Andrew: Vendors of multicore processors have expressed frustration at the difficulty of moving developers to this model. As a former professor, what thoughts do you have on this transition and how to make it happen? Is it a question of proper tools, such as better native support for concurrency in languages, or of execution frameworks? Or are there other solutions?
Donald: I don’t want to duck your question entirely. I might as well flame a bit about my personal unhappiness with the current trend toward multicore architecture. To me, it looks more or less like the hardware designers have run out of ideas, and that they’re trying to pass the blame for the future demise of Moore’s Law to the software writers by giving us machines that work faster only on a few key benchmarks! I won’t be surprised at all if the whole multithreading idea turns out to be a flop, worse than the "Itanium" approach that was supposed to be so terrific—until it turned out that the wished-for compilers were basically impossible to write.
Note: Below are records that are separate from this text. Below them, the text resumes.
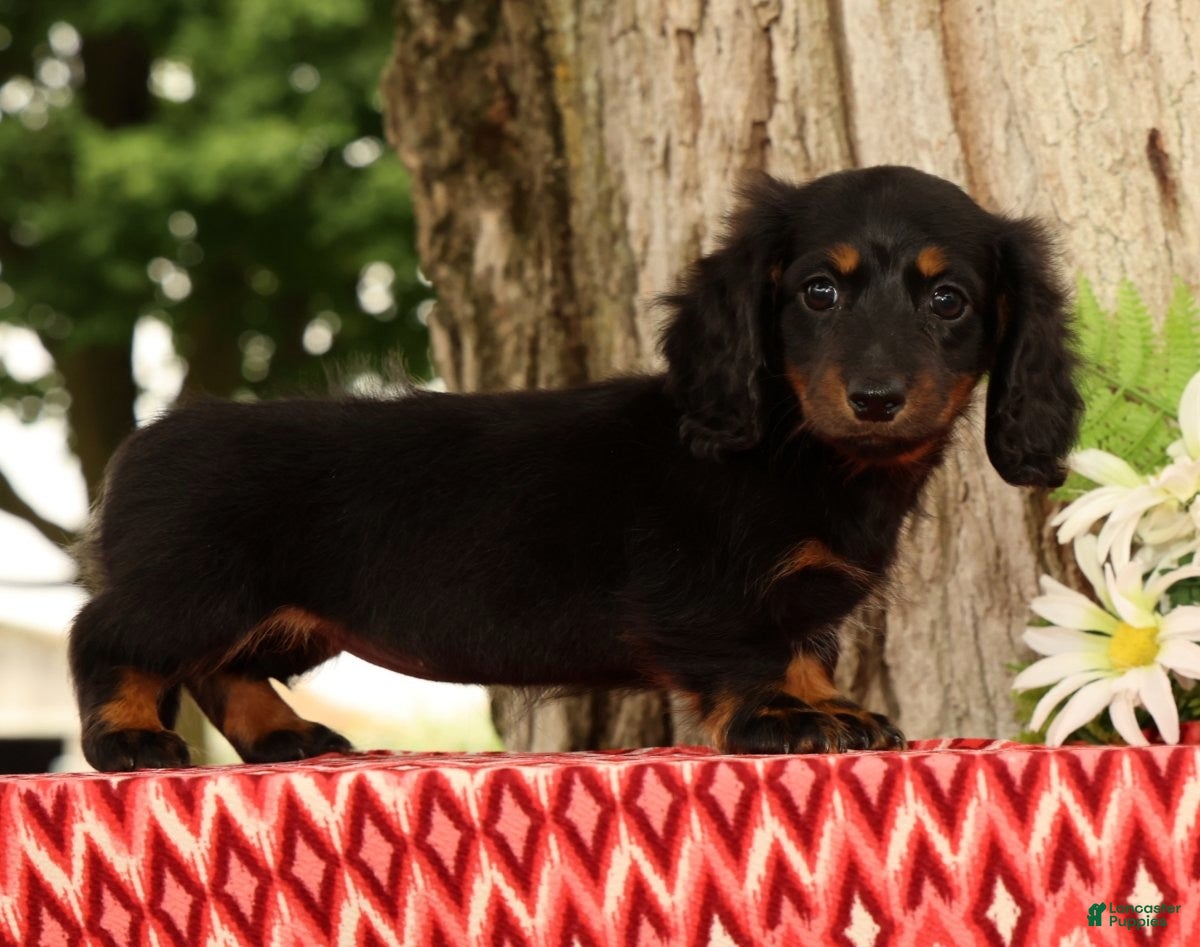 Miniature Dachshund dogs Tammy - Ad 2
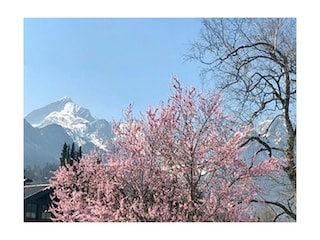 Frühling FLORA  Blick Alpspitze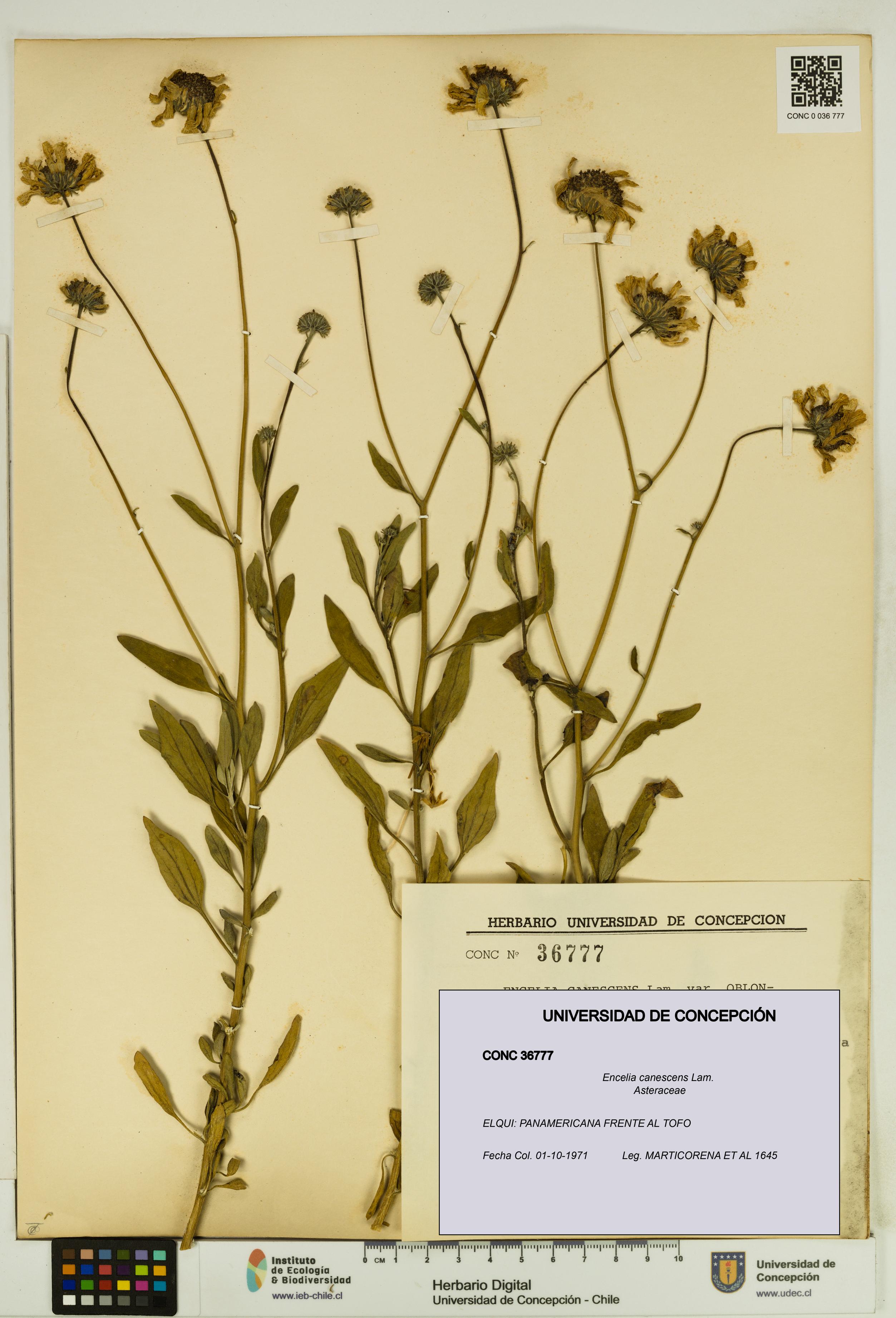 Encelia canescens [Espécimen: UDEC:CONC:0036777]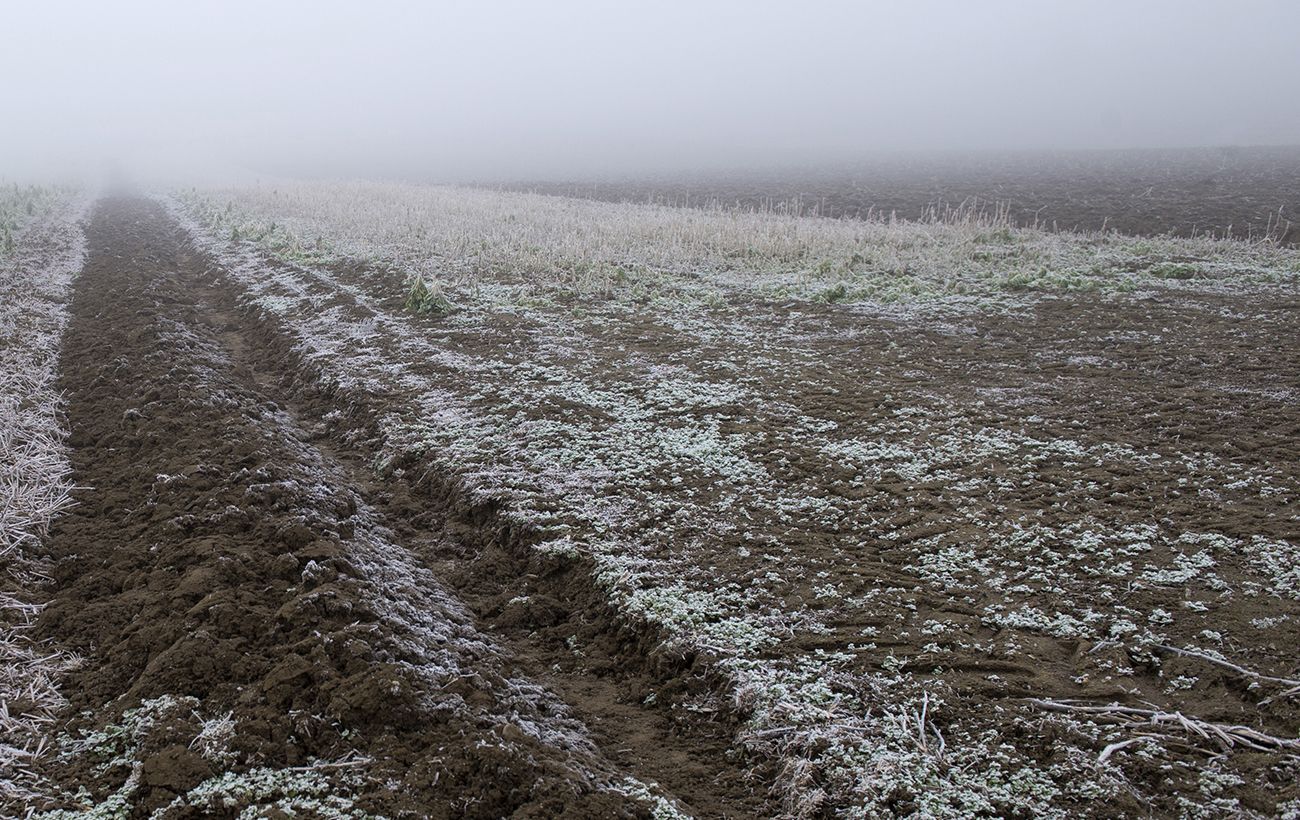 Фото новини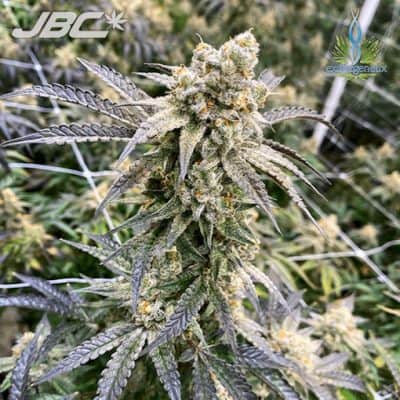 Exotic - Monkey Berries (S&C x Grease Monkey)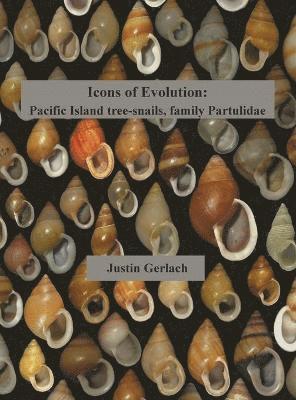 bokomslag Icons of Evolution: Pacific Island tree-snails of the family Partulidae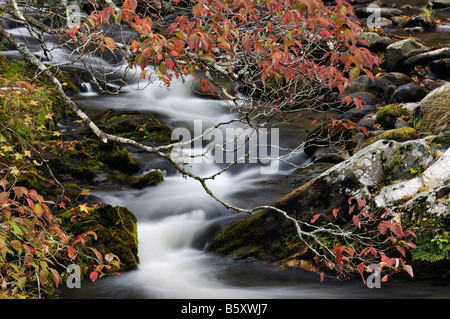Autumn Dogwood Overhanging Rapids on the Middle Prong of the Little River in Great Smoky Mountains National Park Tennessee Stock Photo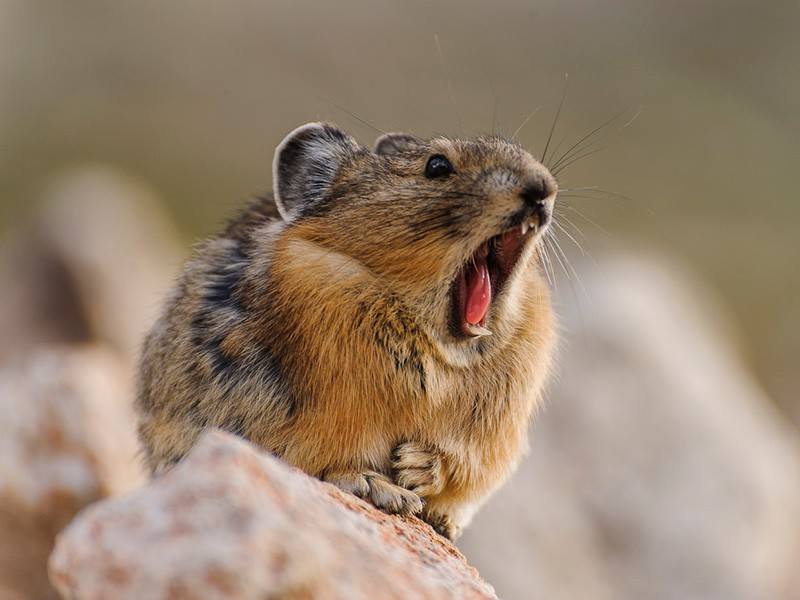 A photograph of a pika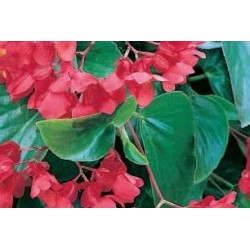BEGONIA 'Dragon Wing' FF...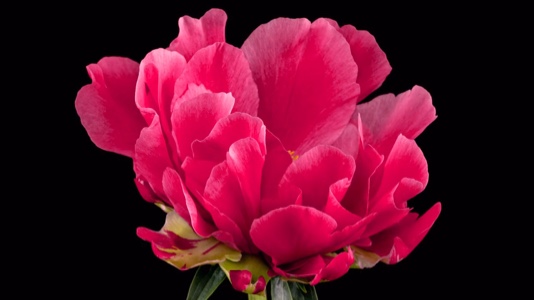 BLUME 
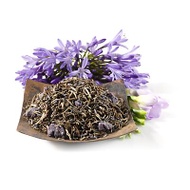 Lavender Dreams from Teavana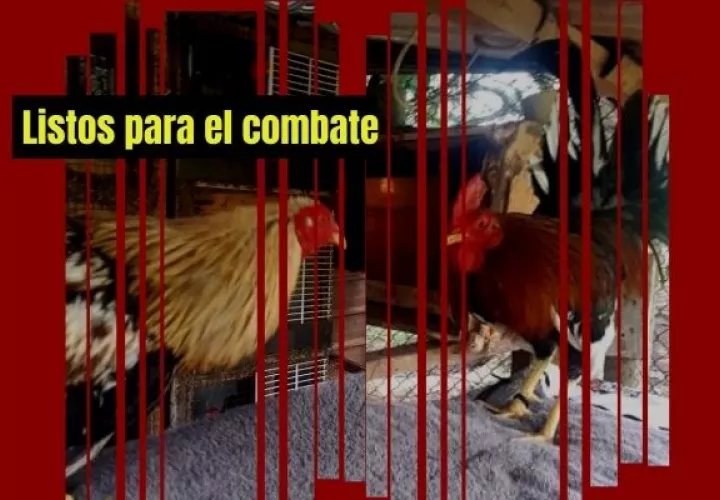 Los gallos se someten a una estricta dieta y entrenamiento. Foto: Gilberto Soto 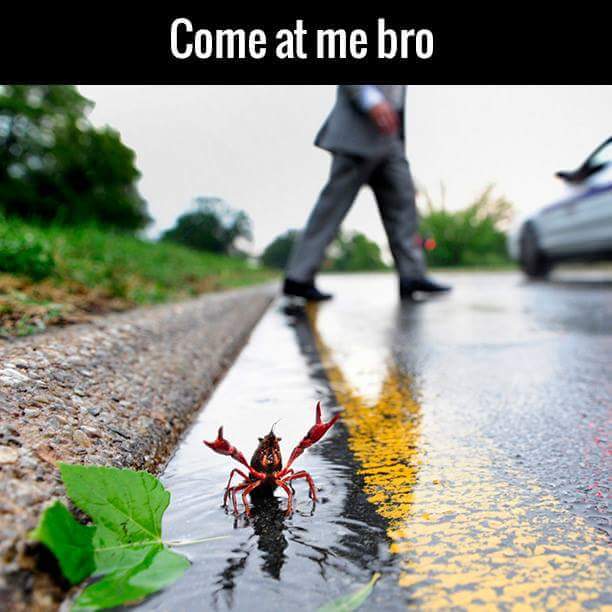 come at me bro lobster - Come at me bro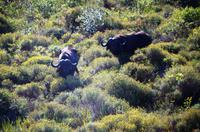 St. Lucia - ISimangaliso Nationalpark 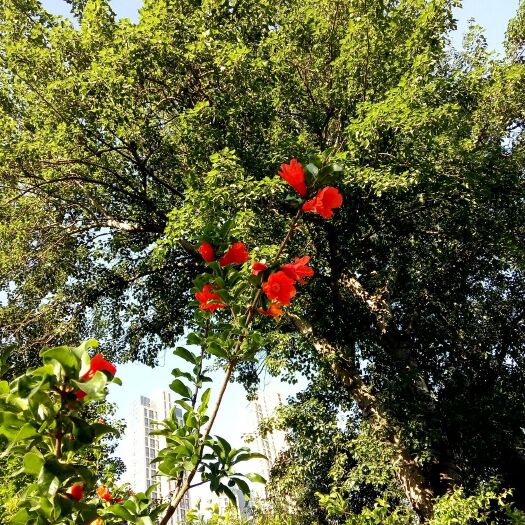 荥阳市花石榴 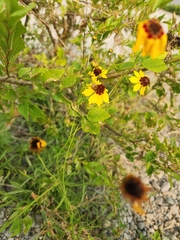 Coreopsis tinctoria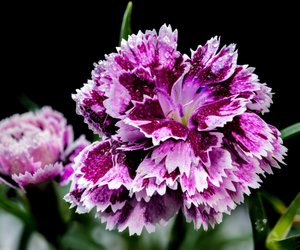 Nelken: Sind diese schönen Blumen giftig?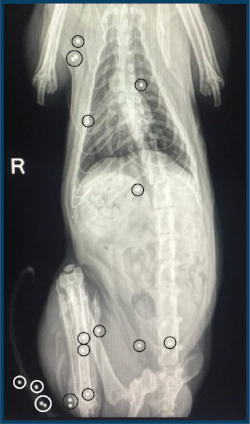 Bobby Xray.png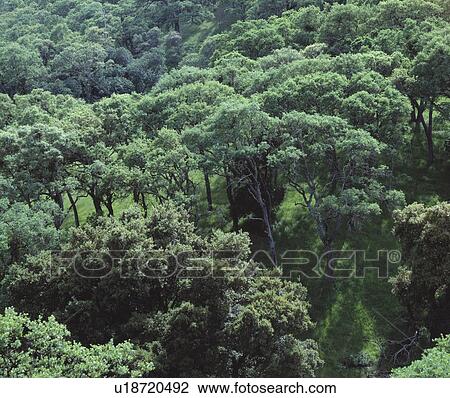 Aerial of forest View Large Photo Image Stock Image - Aerial of forest. Fotosearch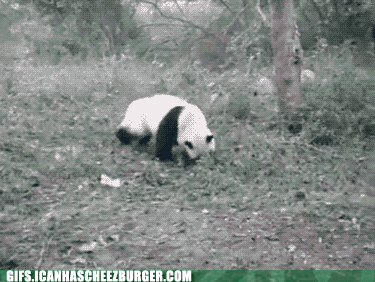 팬더 🐼 굴러다니는 게시물 | 인스티즈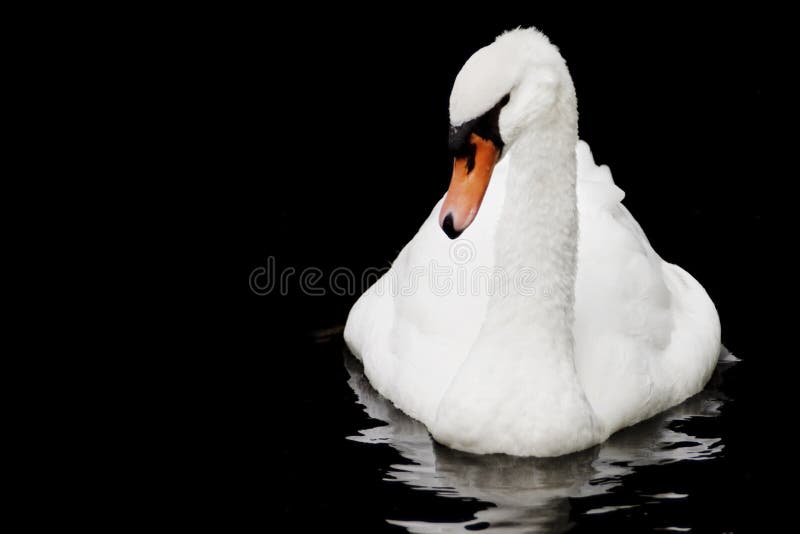 Beautiful white Trumpeter Swan floating on black water background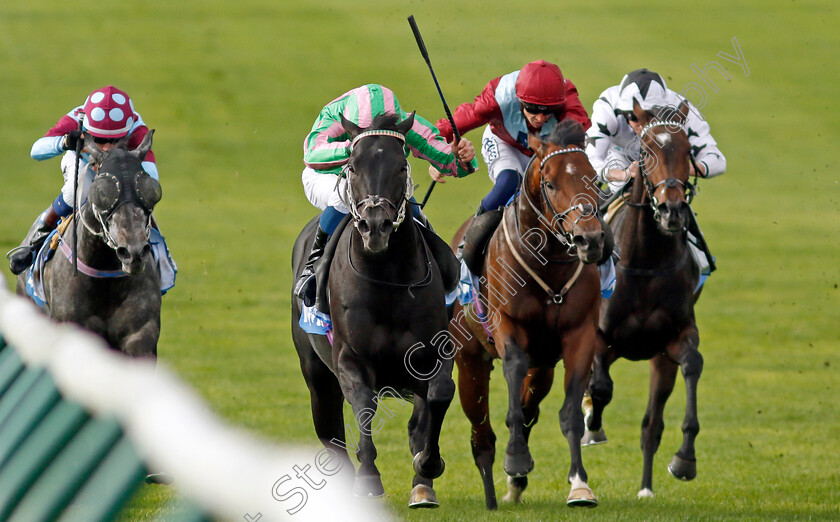 Pogo-0004 
 POGO (William Buick) wins The Thoroughbred Industry Employee Awards Challenge Stakes
Newmarket 7 Oct 2022 - Pic Steven Cargill / Racingfotos.com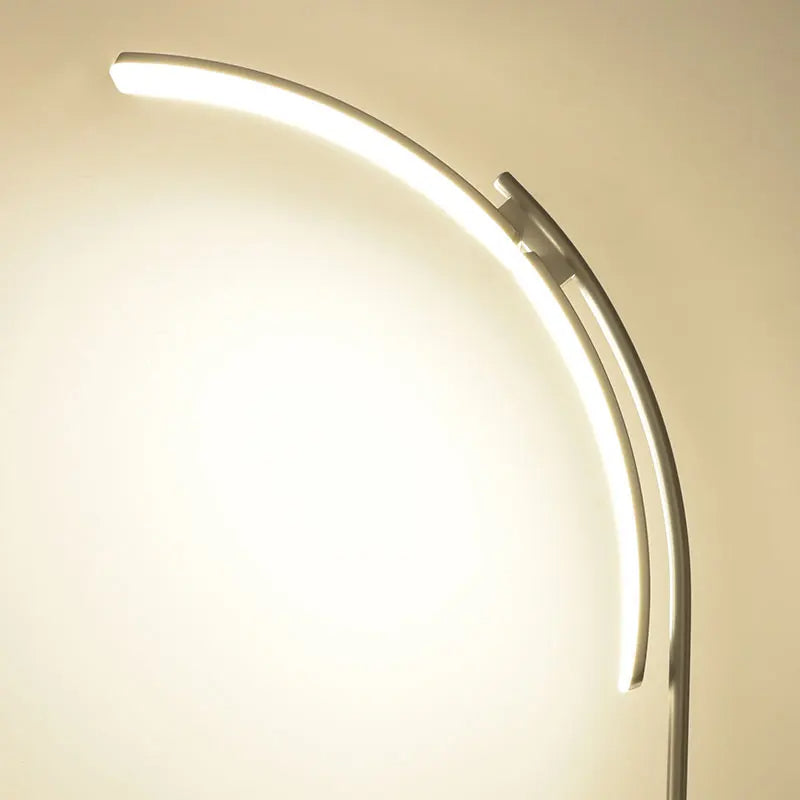 Curved Tube Design Floor Lamp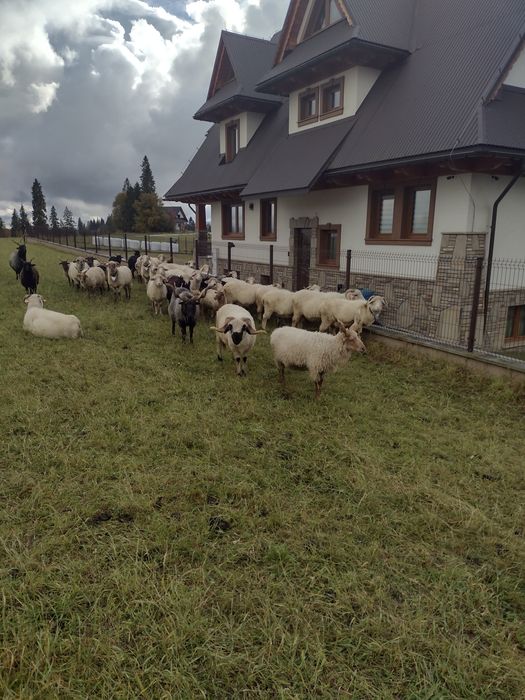 Owca baran raczka węgierska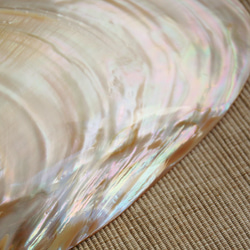 ■purify■ 浄化チップセット　ヒマラヤ水晶(500g)&パールシェル 5枚目の画像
Let me put it this way: During the past 50 years, I’ve written well over a thousand programs, many of which have substantial size. I can’t think of even five of those programs that would have been enhanced noticeably by parallelism or multithreading. Surely, for example, multiple processors are no help to TeX.[1]
How many programmers do you know who are enthusiastic about these promised machines of the future? I hear almost nothing but grief from software people, although the hardware folks in our department assure me that I’m wrong.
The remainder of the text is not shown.